» **Brief**: In the answer, give the entries below exactly, from the first line through the line with "14k 6mm Hollow", with every picture omitted.

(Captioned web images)
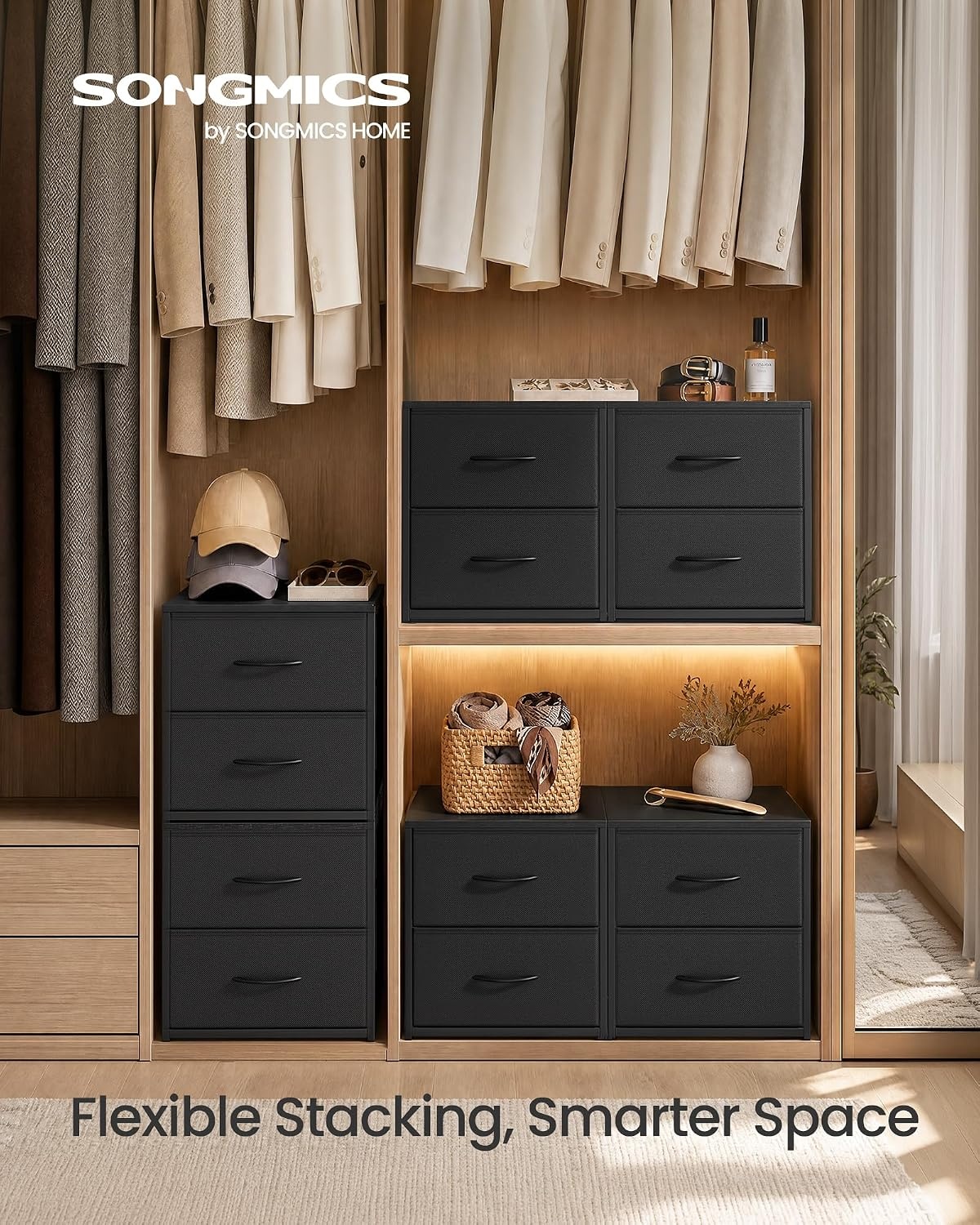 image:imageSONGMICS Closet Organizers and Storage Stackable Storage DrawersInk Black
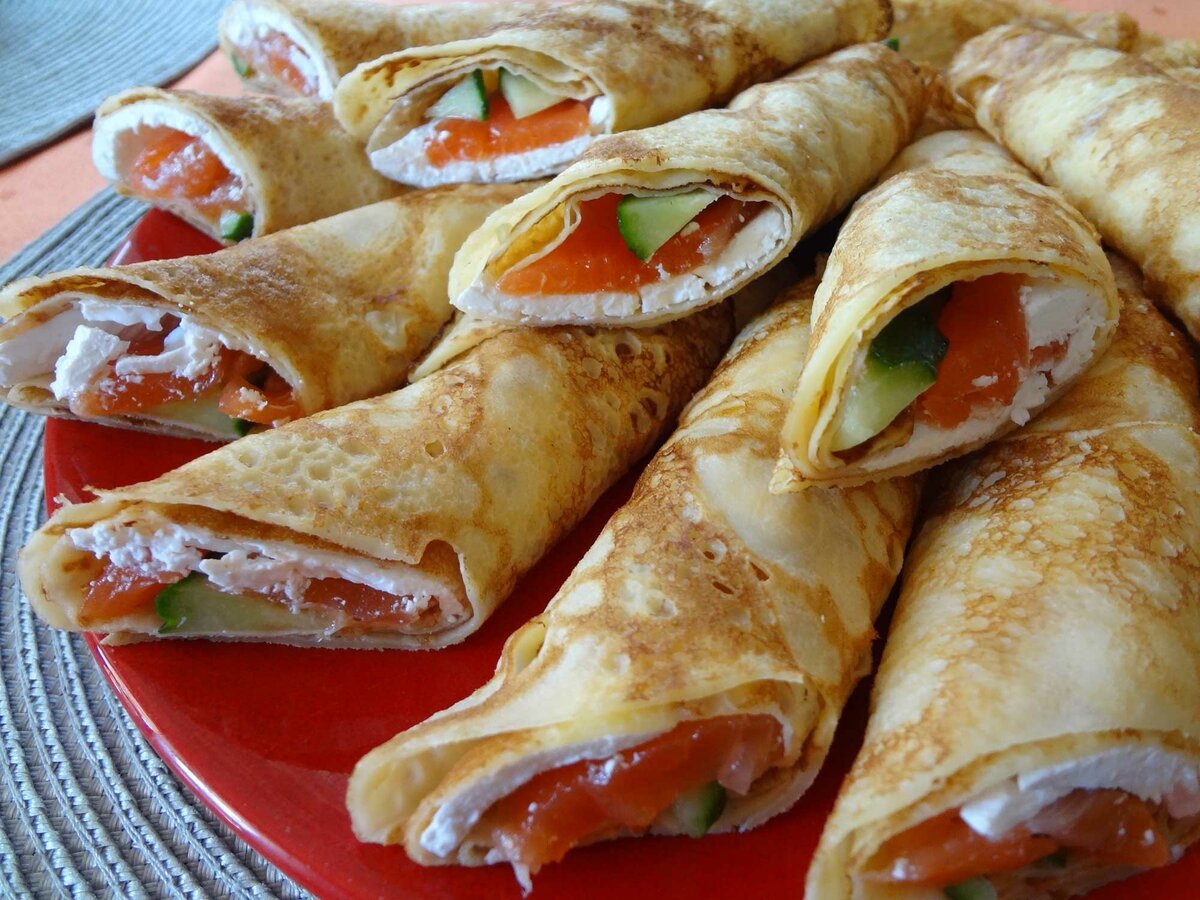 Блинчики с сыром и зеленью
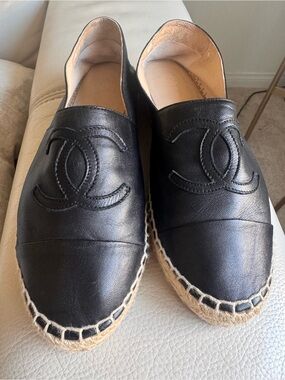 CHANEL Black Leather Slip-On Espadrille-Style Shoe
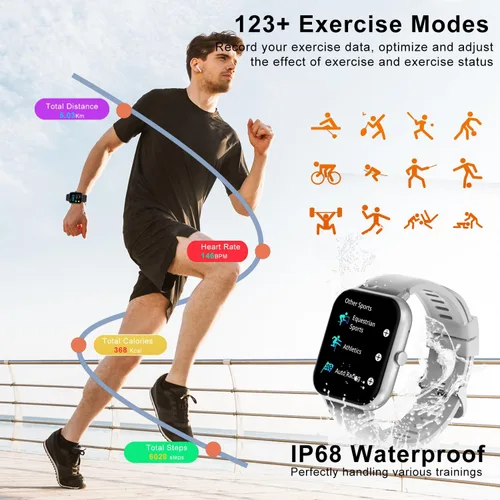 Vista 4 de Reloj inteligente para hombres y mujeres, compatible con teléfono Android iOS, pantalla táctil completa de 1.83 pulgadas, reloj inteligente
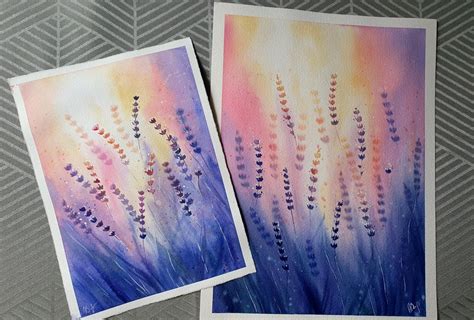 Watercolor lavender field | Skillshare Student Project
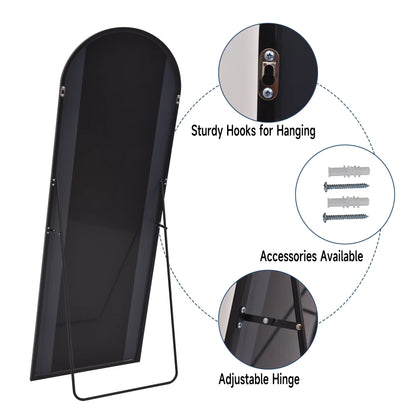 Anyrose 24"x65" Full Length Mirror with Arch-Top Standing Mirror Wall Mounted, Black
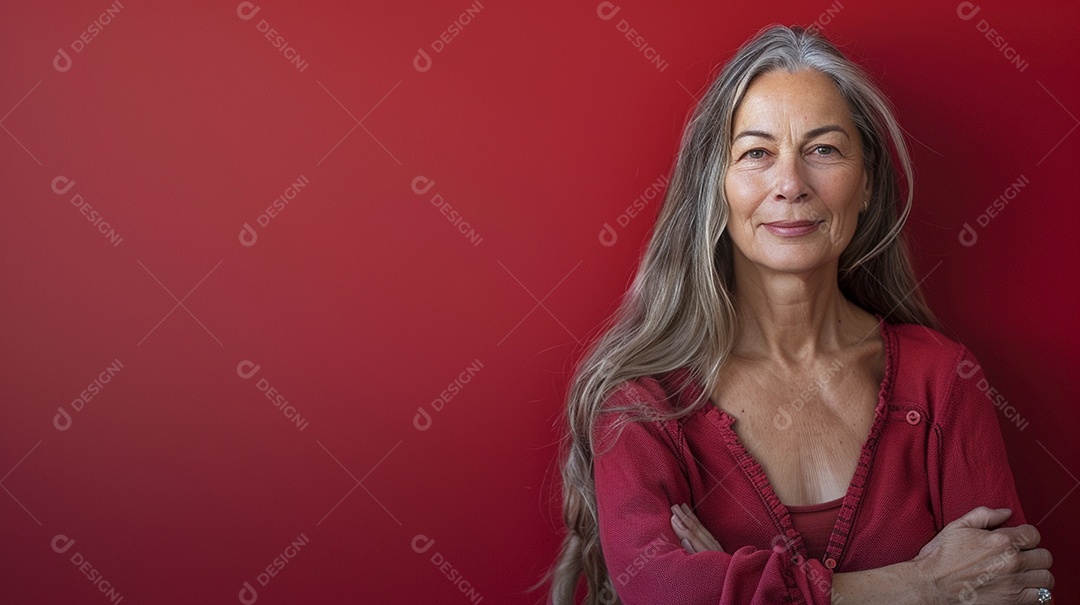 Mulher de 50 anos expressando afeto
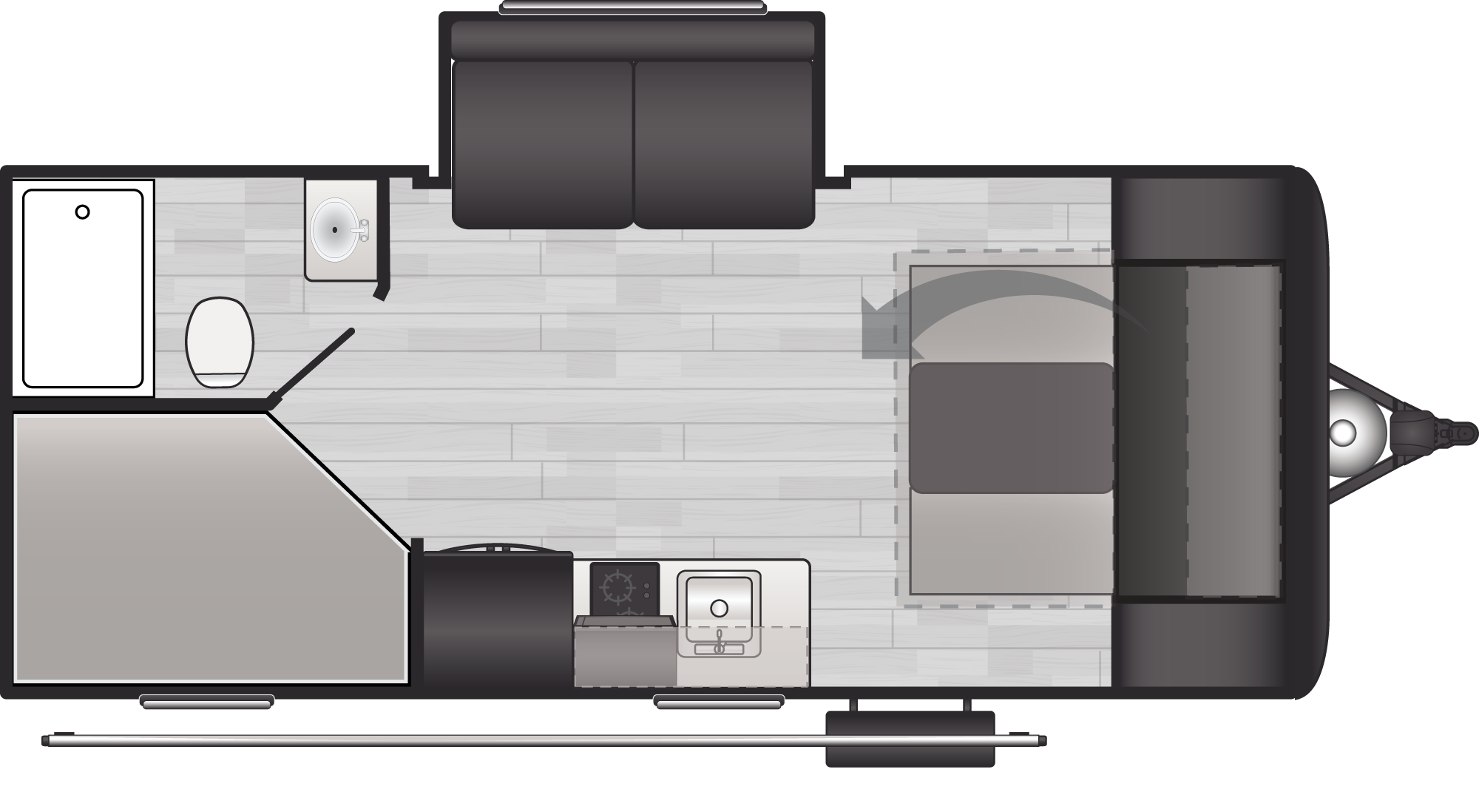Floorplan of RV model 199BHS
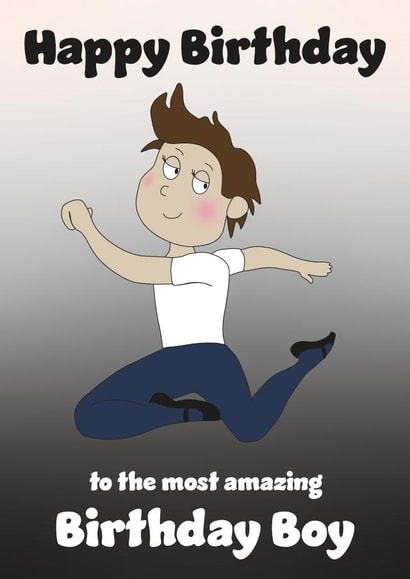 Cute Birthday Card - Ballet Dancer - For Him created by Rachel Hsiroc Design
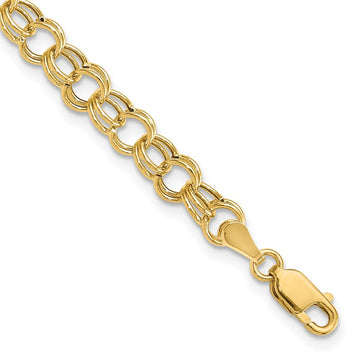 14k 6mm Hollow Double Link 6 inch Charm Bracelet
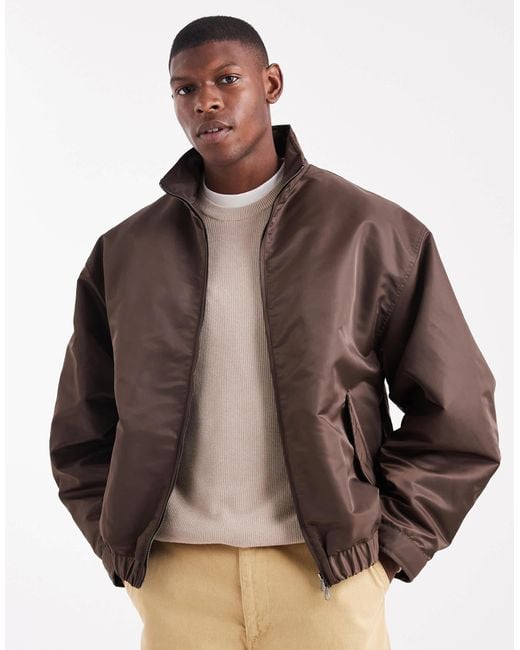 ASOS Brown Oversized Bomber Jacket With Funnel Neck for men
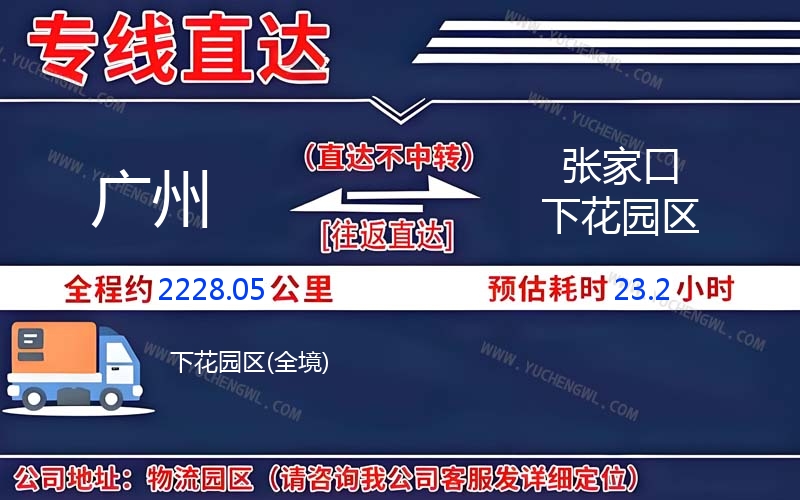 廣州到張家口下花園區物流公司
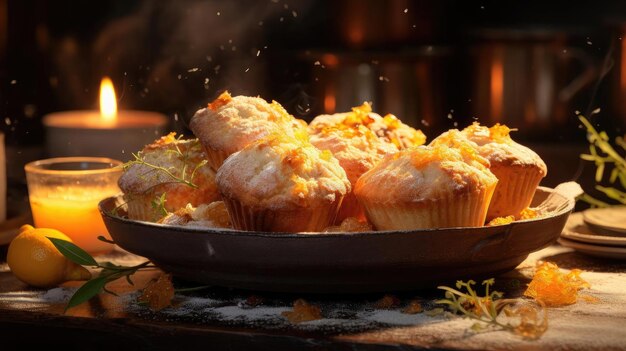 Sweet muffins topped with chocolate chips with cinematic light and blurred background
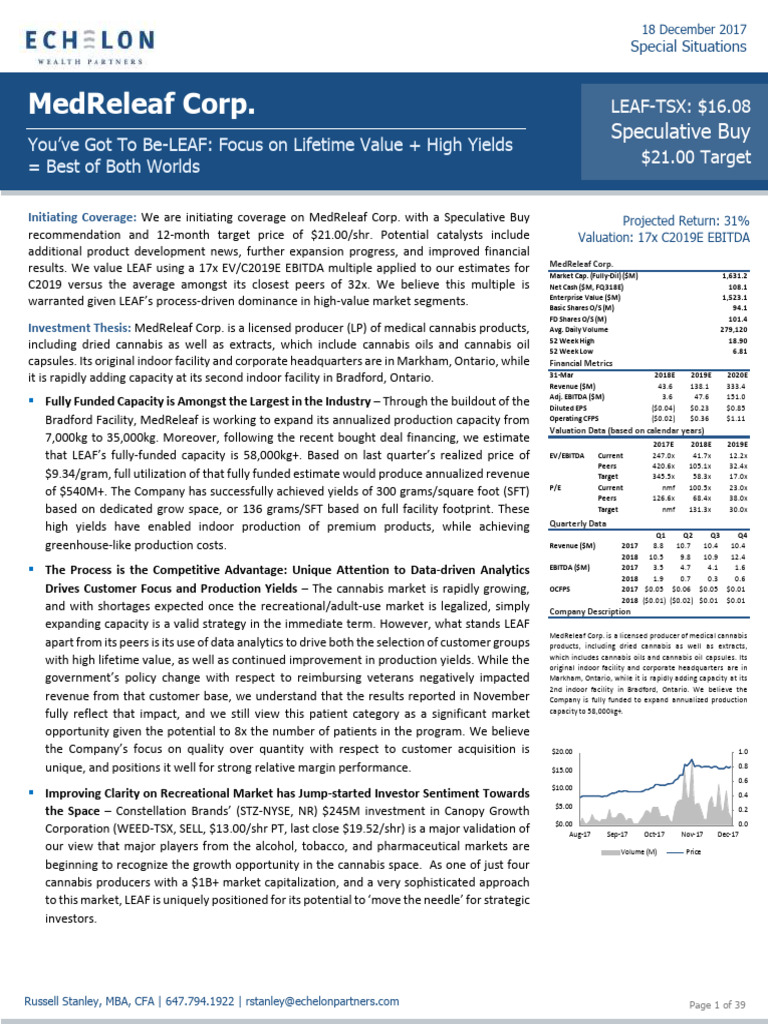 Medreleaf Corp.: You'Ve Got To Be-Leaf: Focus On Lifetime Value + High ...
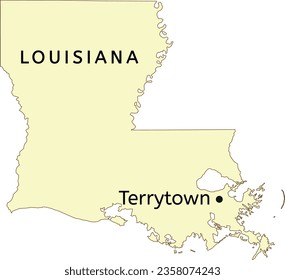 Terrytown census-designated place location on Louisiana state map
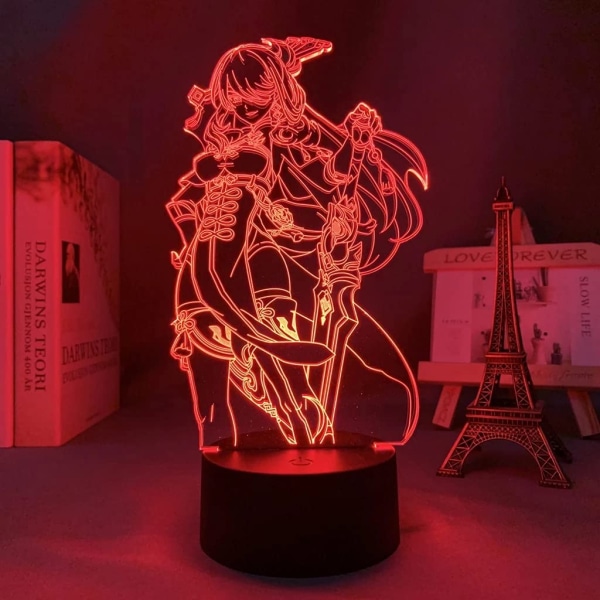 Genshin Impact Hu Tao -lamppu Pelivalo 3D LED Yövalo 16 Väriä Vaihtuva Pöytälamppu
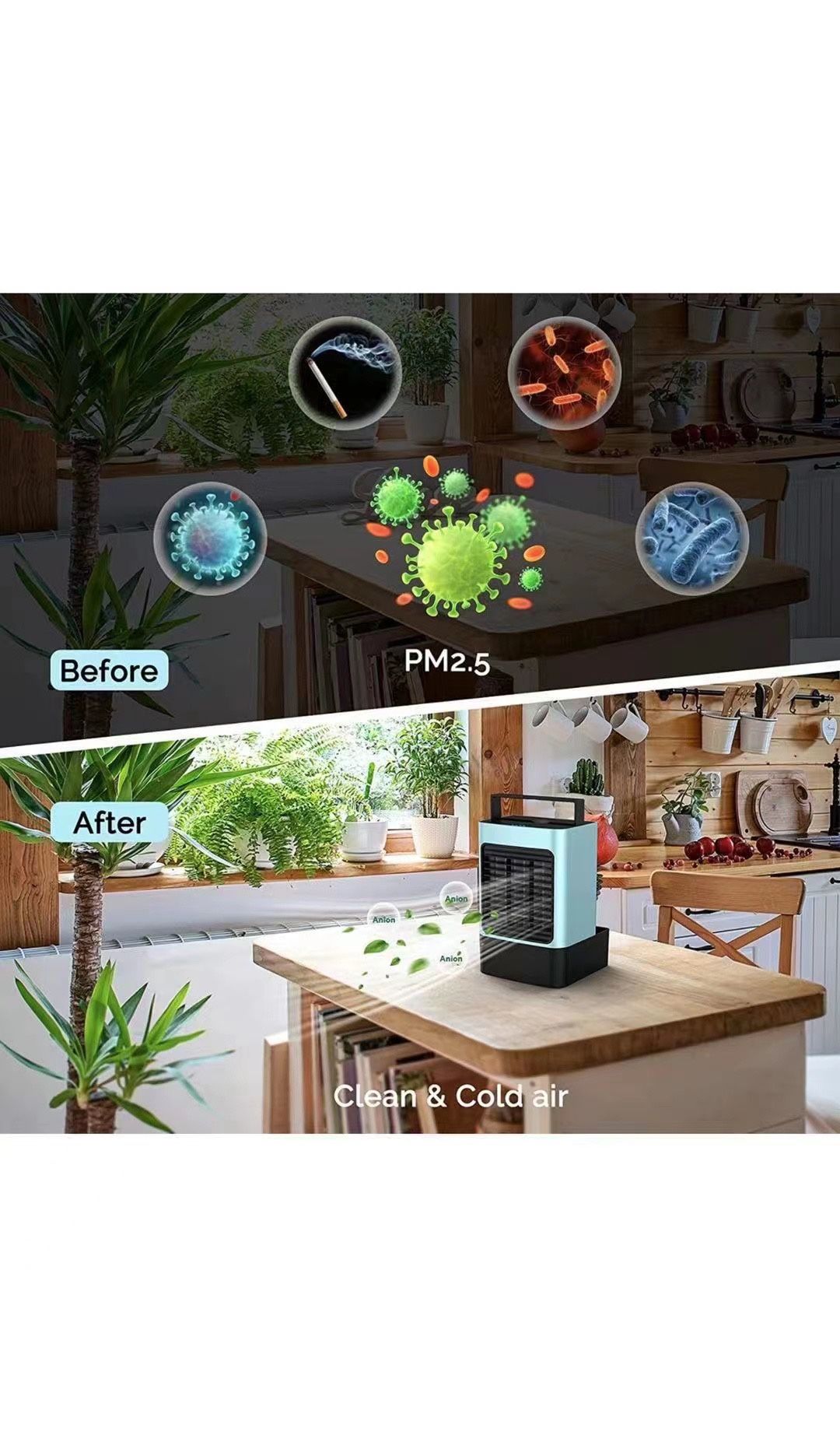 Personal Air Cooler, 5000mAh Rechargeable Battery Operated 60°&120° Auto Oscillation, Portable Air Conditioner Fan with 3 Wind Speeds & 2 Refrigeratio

» **Result for this task**:
 image:imageSONGMICS Closet Organizers and Storage Stackable Storage DrawersInk Black
 Блинчики с сыром и зеленью
 CHANEL Black Leather Slip-On Espadrille-Style Shoe
 Vista 4 de Reloj inteligente para hombres y mujeres, compatible con teléfono Android iOS, pantalla táctil completa de 1.83 pulgadas, reloj inteligente
 Watercolor lavender field | Skillshare Student Project
 Anyrose 24"x65" Full Length Mirror with Arch-Top Standing Mirror Wall Mounted, Black
 Mulher de 50 anos expressando afeto
Floorplan of RV model 199BHS
 Cute Birthday Card - Ballet Dancer - For Him created by Rachel Hsiroc Design
 14k 6mm Hollow Double Link 6 inch Charm Bracelet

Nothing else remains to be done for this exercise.